PROBLEM TO WORK ON -> Before copying, find the line below that contains "Under Armour Women's Red Double Threat Hoody"; then return it and all later lines exactly, up to and including the final line, with no pictures.

DATASET ENTRIES ->
[Start of Attachment]

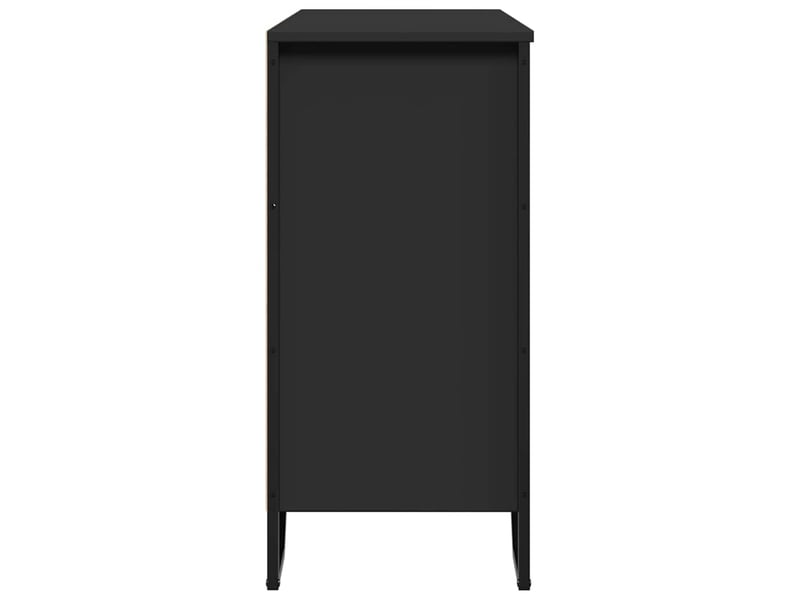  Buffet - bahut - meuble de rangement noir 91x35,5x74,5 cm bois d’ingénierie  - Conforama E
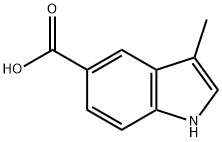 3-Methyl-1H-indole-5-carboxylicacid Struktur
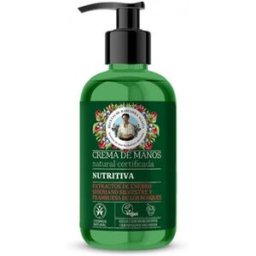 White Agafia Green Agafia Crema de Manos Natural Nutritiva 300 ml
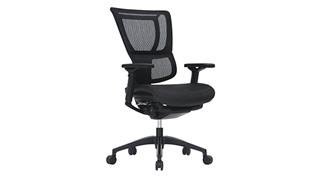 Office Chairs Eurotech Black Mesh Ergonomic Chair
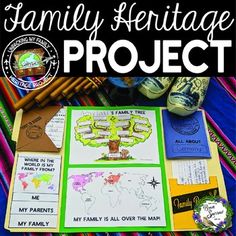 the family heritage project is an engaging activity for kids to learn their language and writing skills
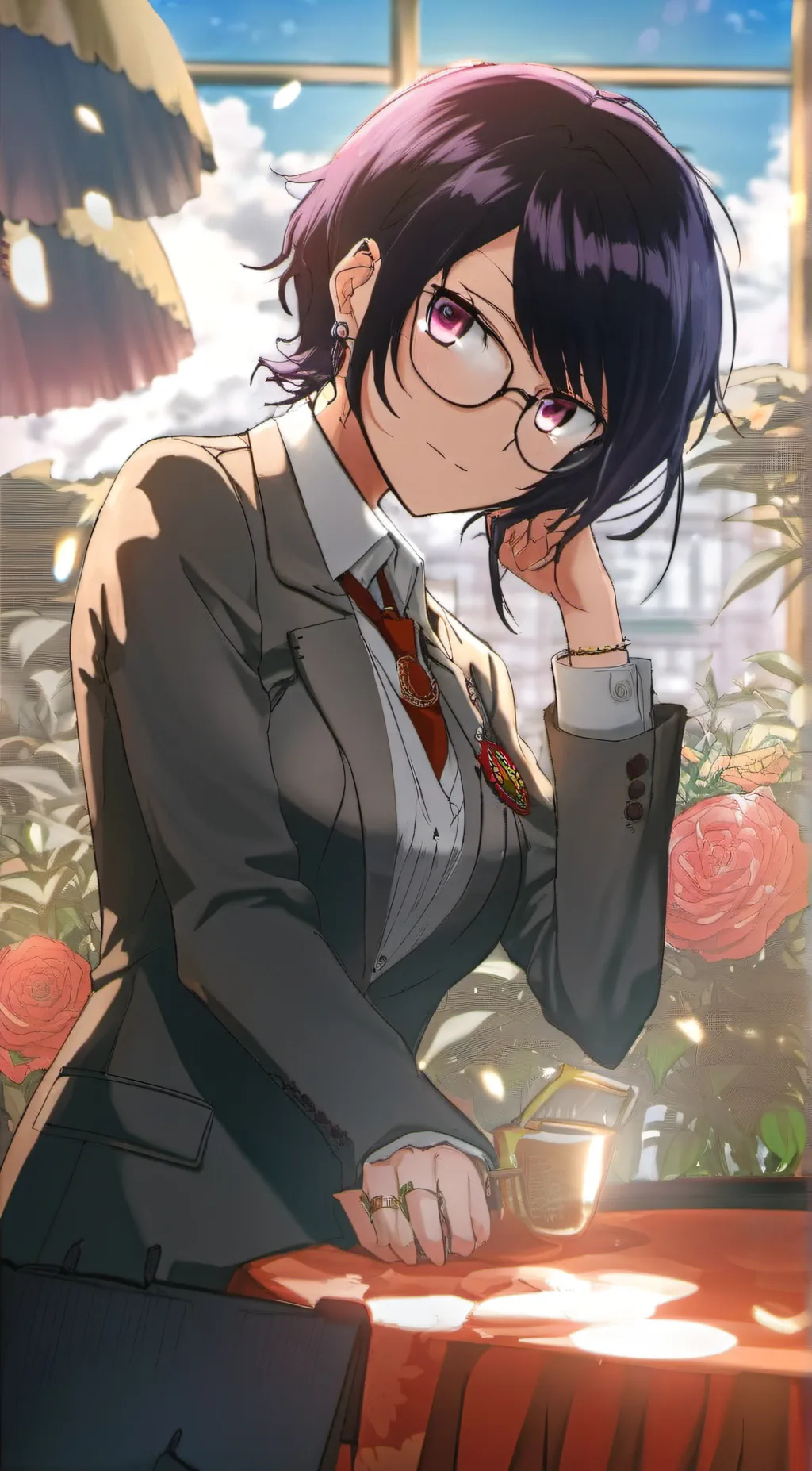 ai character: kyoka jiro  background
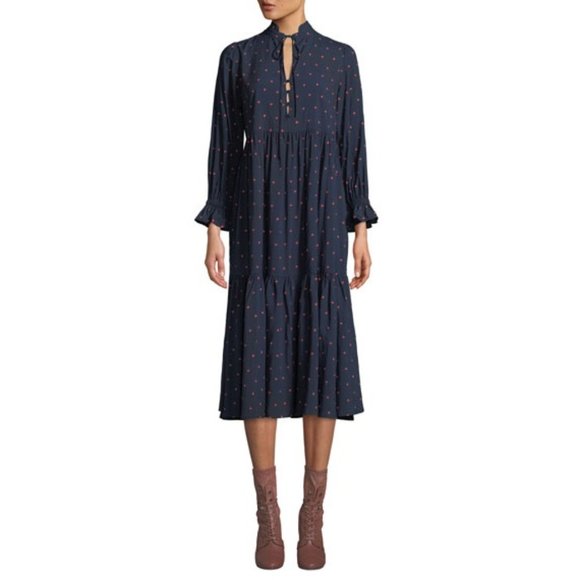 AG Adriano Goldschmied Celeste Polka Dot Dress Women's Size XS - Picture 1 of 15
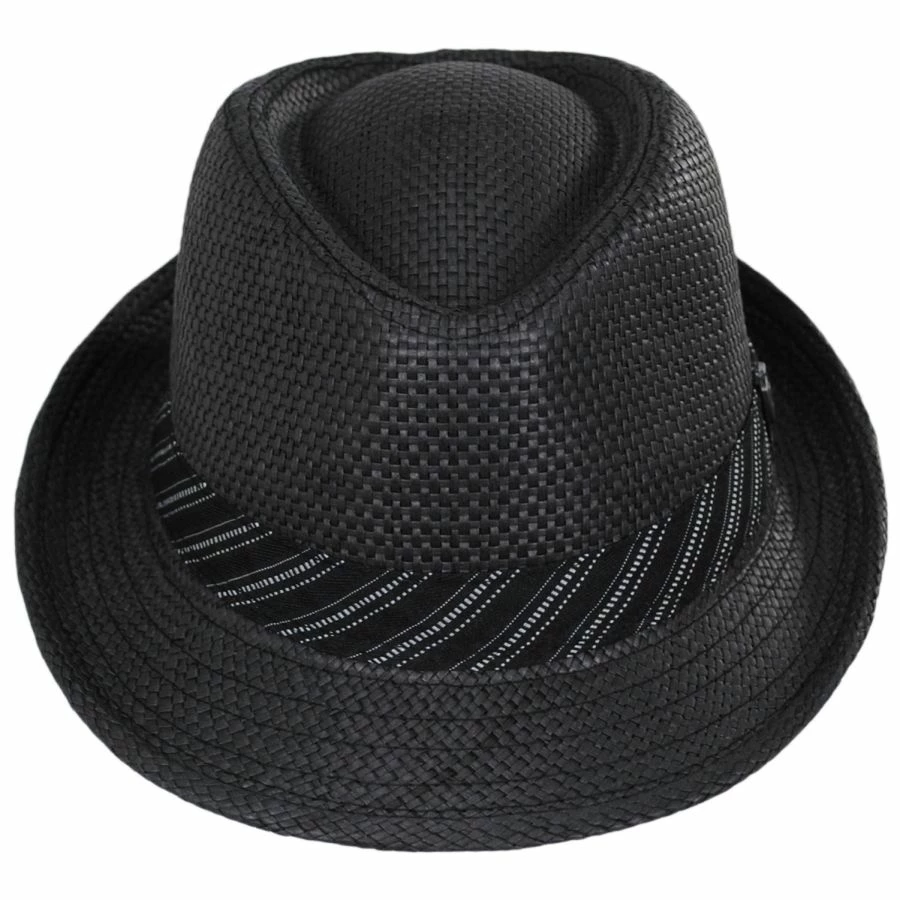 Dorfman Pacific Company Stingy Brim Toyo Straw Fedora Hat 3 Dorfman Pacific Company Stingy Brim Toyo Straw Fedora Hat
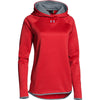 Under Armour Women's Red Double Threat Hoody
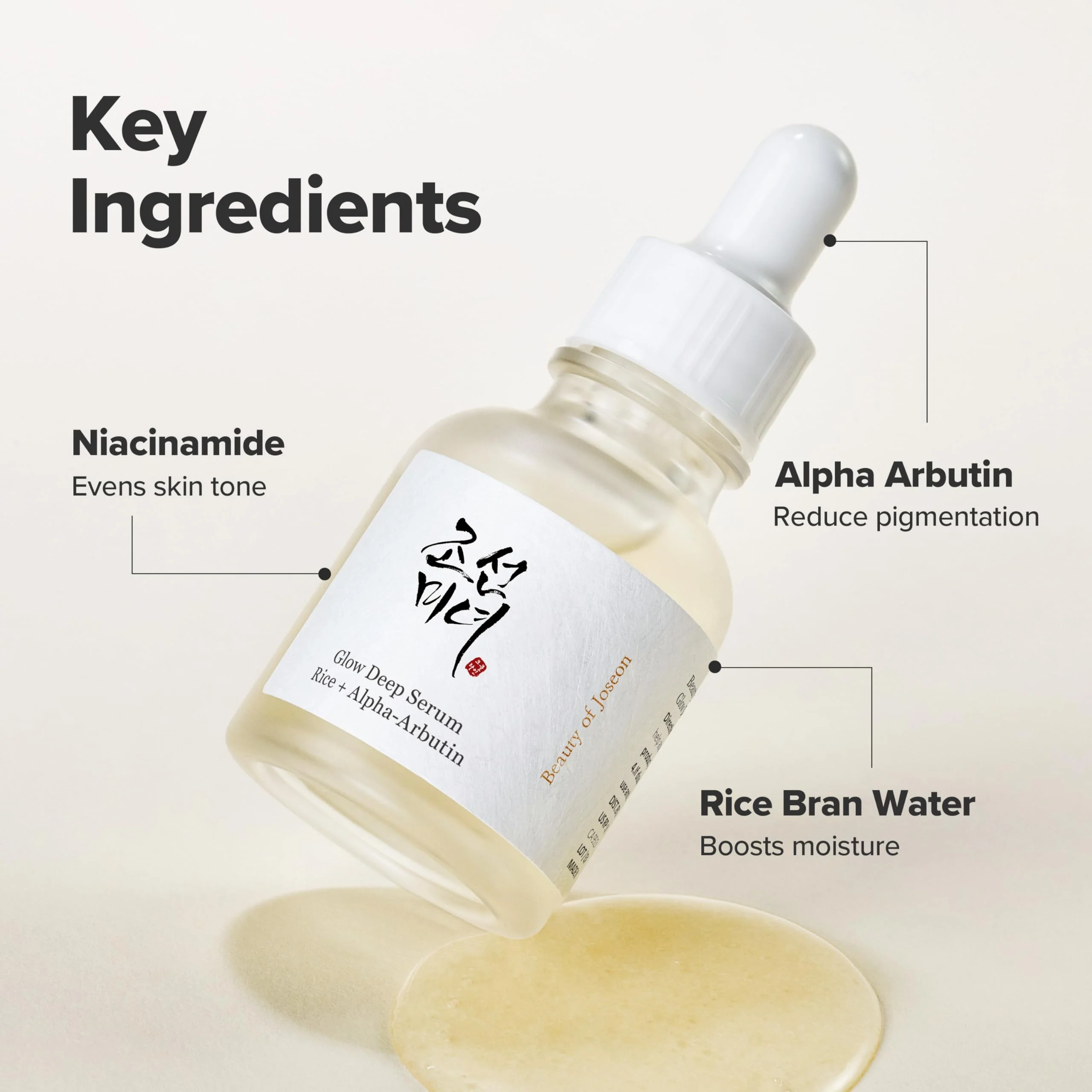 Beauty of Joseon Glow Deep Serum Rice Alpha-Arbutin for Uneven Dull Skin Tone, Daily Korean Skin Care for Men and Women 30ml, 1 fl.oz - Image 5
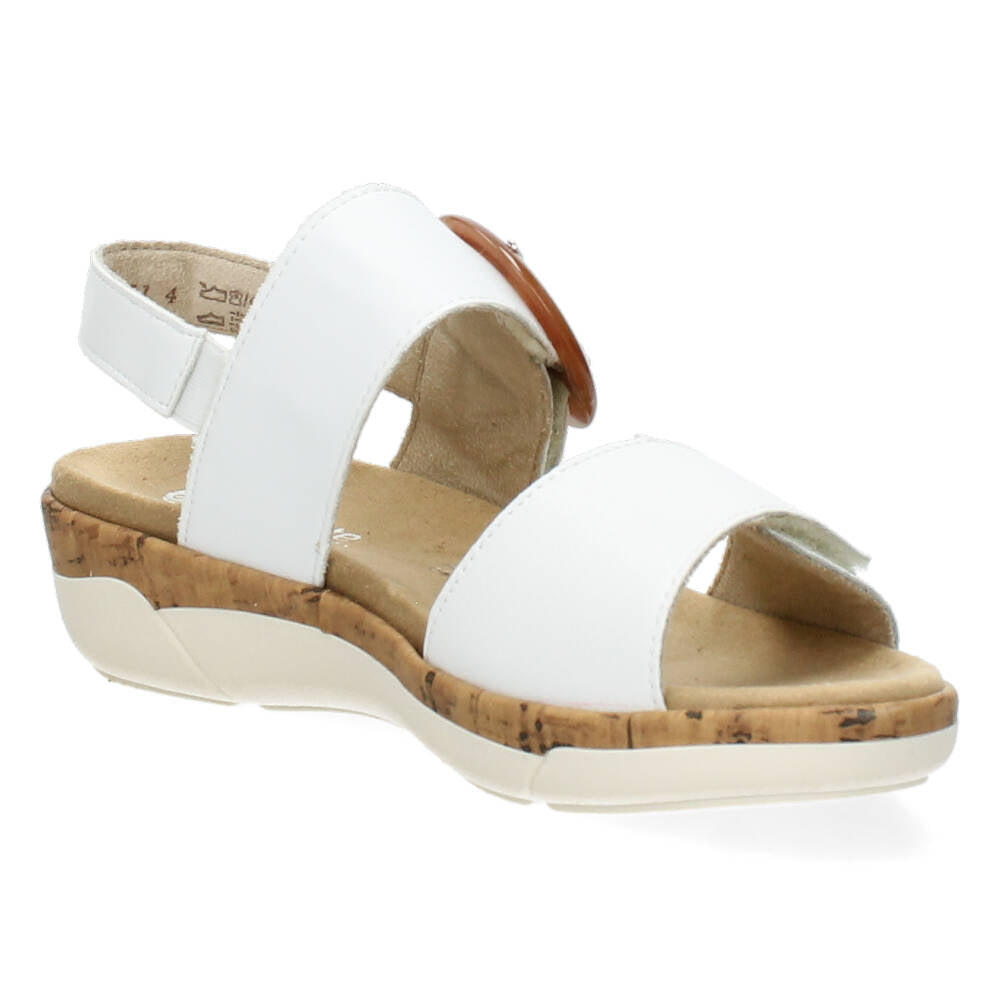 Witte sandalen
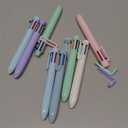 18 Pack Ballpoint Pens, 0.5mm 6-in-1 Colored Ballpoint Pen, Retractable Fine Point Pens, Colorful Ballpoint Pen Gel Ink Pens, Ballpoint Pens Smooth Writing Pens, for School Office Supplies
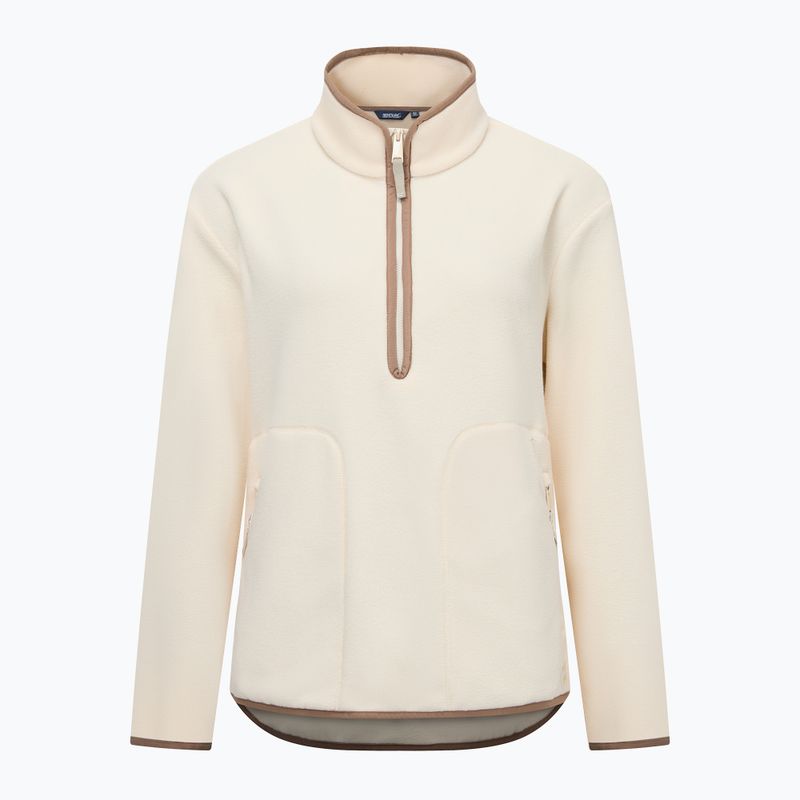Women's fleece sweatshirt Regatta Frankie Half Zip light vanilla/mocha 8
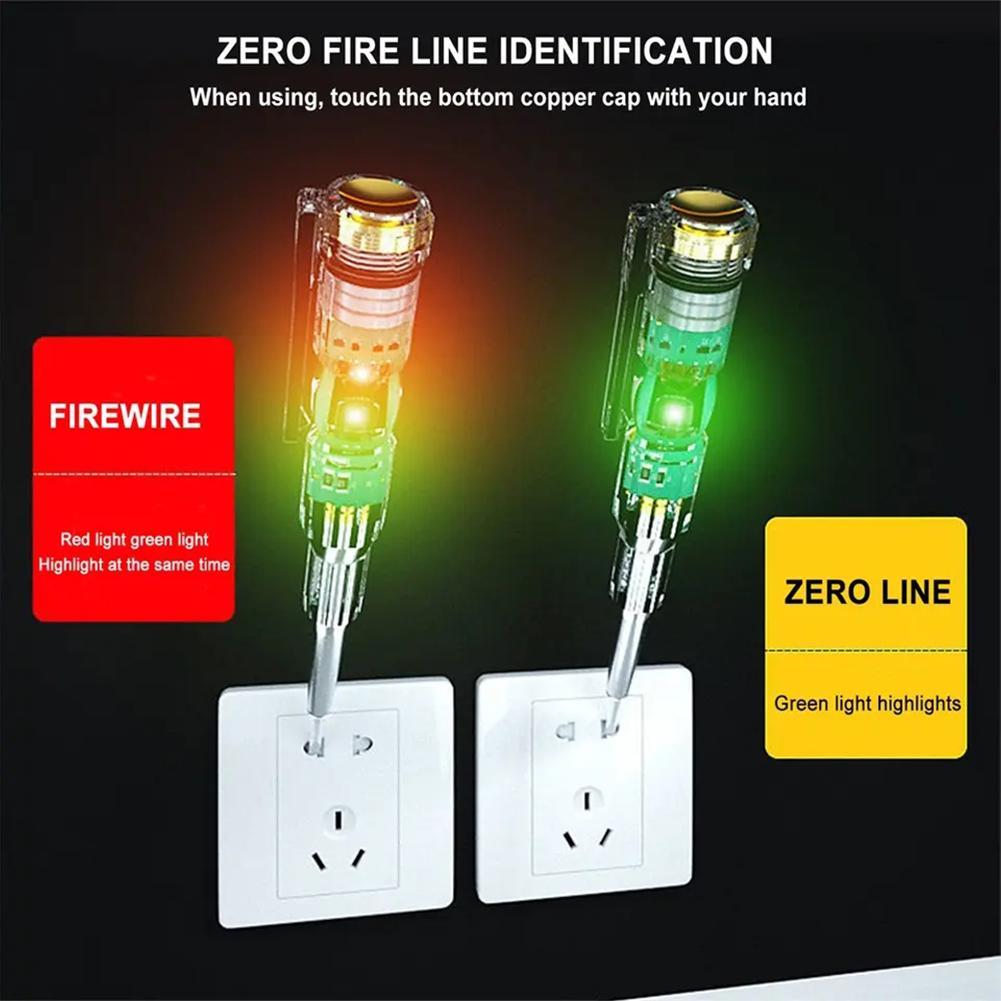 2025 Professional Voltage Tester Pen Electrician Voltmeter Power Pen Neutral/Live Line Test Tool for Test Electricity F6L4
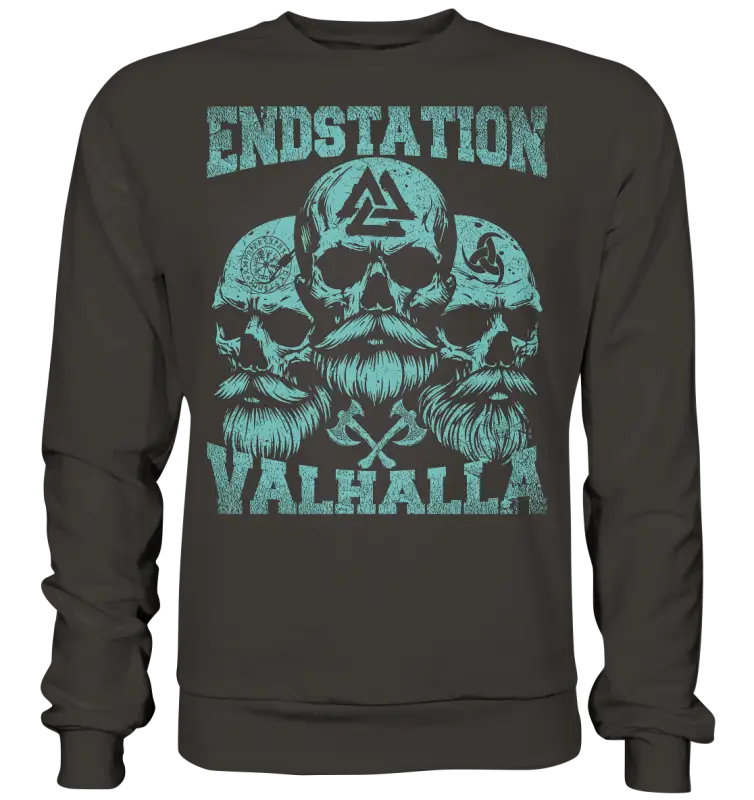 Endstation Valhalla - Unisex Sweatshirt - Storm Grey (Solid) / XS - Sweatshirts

[End of Attachment]

EXERCISE ANSWER ->
 Under Armour Women's Red Double Threat Hoody
 Beauty of Joseon Glow Deep Serum Rice Alpha-Arbutin for Uneven Dull Skin Tone, Daily Korean Skin Care for Men and Women 30ml, 1 fl.oz - Image 5
 Witte sandalen
 18 Pack Ballpoint Pens, 0.5mm 6-in-1 Colored Ballpoint Pen, Retractable Fine Point Pens, Colorful Ballpoint Pen Gel Ink Pens, Ballpoint Pens Smooth Writing Pens, for School Office Supplies
Women's fleece sweatshirt Regatta Frankie Half Zip light vanilla/mocha 8
 2025 Professional Voltage Tester Pen Electrician Voltmeter Power Pen Neutral/Live Line Test Tool for Test Electricity F6L4
 Endstation Valhalla - Unisex Sweatshirt - Storm Grey (Solid) / XS - Sweatshirts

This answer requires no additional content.